Los poetas malditos son conscientes de que la palabra tiene un poder trascendental cuando ésta es manejada por la destreza idiomática de quien aprendió a domar al lenguaje como a un potro salvaje, dejando de lado los artificios que tienen que ver con lo fónico, semántico y sintáctico del verso.

Ellos aprenden a sintetizar en pocas palabras las situaciones más difíciles, a economizar el lenguaje para simplificar las expresiones complejas, explayando siempre un lenguaje lúdico que, una vez convertido en metáforas de hondo sentimiento, calan como sables en la conciencia y los instintos naturales del individuo, que busca avivar su sed de amor o mitigar la pena de un amor perdido.

Asimismo, como respuesta a la métrica de la poesía clásica, que está llena de figuras de dicción y resonancias musicales, insisten en practicar el verso libre, convencidos de que la musicalidad no es un recurso suficiente para expresar todo lo que los sentidos percibían de la realidad, antes de que ésta sea transformada en poesía viva o en antipoesía.

De un modo general, no están acostumbrados a manifestar sus pensamientos y sentimientos de manera indirecta, sugerida, disfrazada; en esto se diferencian de quienes, creyendo hacer una poesía figurativa y altamente estética, suelen escribir con circunloquios, evitando no herir la sensibilidad ajena ni contradecir el consabido precepto de que una poesía sin ritmo no es poesía.

Valga señalar que la mayoría de los poetas malditos son autores de una obra proteica, olvidada y, no pocas veces, menospreciada y vilipendiada, pues no sólo se enfrentan a un entorno hostil, sino también a las críticas de los doctores de la literatura.
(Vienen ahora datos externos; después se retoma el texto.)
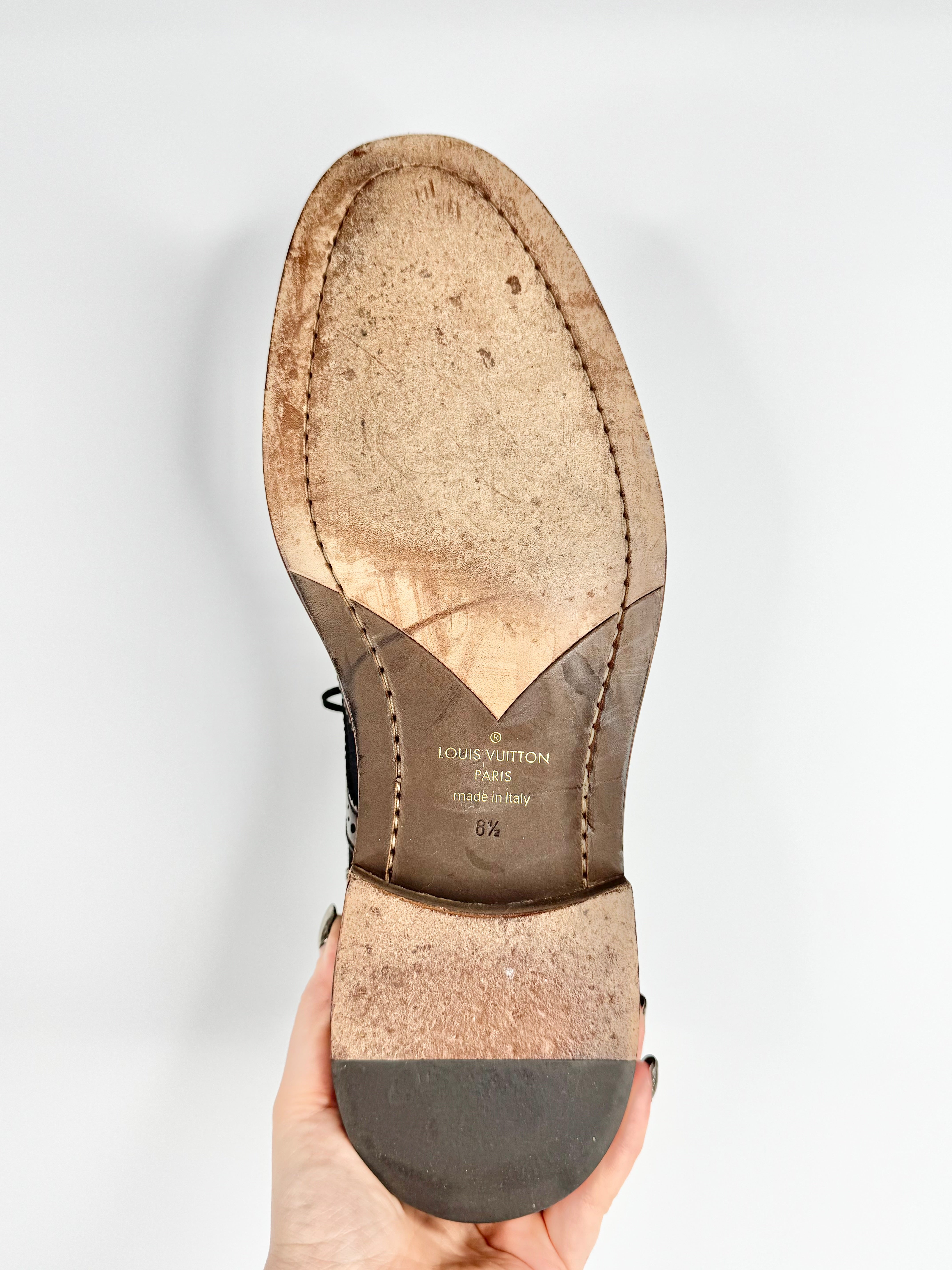 Louis Vuitton 'Voltaire' Denim & Burgundy Leather Derby Shoes - EU43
No obstante, por muy tarde que lleguen a la cita con la historia, sus obras, en algunos casos dispersas y escasas, tienen la fuerza de salir de los sótanos oscuros de la indiferencia y emerger a la luz de la superficie, como una prueba contundente de que todo lo que es bueno y auténtico, más que acabar soterrado, está destinado a sobreponerse a los polvos del olvido y al paso del tiempo.